If it doesn’t, please alert a TA and we will help you out!

7.3 Automating commands by putting them in a text file

7.3.1 Running scripts with bash

At the terminal, we can type:

echo Hello, this is the terminal!

In a script, we can do the same thing - (we covered how to create and edit files with nano from Workshop 2!):

Create a script file with nano - The file extension for shell scripts is ‘.sh’.

nano first_script.sh

Add the following 3 lines to the script:

#!/bin/bash
echo Hello, this is a script!
echo I am on the next line!

The #!/bin/bash header (this is known as a “sha-bang” or hashbang) tells the shell how to interpret the script file. It will be used later!

Execute the script

bash first_script.sh

Note that commands are executed in the order that they appear in the script

7.4 for Loops

Scripts can do far more than print echo statements! We’re gonna take a detour to learn about for loops and then run loops in scripts.

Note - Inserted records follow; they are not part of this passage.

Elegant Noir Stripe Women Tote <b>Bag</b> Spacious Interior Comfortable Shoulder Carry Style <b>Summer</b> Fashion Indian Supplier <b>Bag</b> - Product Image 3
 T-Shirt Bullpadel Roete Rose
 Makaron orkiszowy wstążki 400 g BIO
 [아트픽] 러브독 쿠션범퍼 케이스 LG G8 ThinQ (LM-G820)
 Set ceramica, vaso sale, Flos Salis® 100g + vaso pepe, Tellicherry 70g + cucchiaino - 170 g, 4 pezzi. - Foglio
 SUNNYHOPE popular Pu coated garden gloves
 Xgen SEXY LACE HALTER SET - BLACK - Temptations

In workshop 6, we showed you a way to create a list of the md5sum numbers for the autosome files:

cd ~/seqdata/mini_A-torda

md5sum mini-chr[1-9]*.fna.gz  >> autosomes.md5

This approach uses wildcards to tell the shell to grab the md5sum for all files starting with mini-chr, with a number from 1 to 9, and ending with ‘.fna.gz’. Another way to do this, and include the Z chromosome file as well, is to write a for loop that runs the md5sum command for each ‘.fna.gz’ file in the directory:

(To type this in the terminal, type ‘enter’ or ‘return’ after each line)

for i in *.fna.gz
do
   echo md5sum $i
done

QUESTION: why did we put echo here?

Another way to enter the for loop code into the terminal uses ;:

for i in *.fna.gz; do echo md5sum $i; done

for loop structure:

  • we set the counter for the thing we want to iterate (“loop”) through with the for i in *.fna.gz. In this case, we are running the same command for each file in our current directory that ends in ‘.fna.gz’. The i represents the ith file in our loop and we refer to it with the $ notation (more on variables later!) - also, “i” is an arbitrary name; it could be “potato” :)
  • starts with do and ends with done
  • loop components are separated by ; or new lines.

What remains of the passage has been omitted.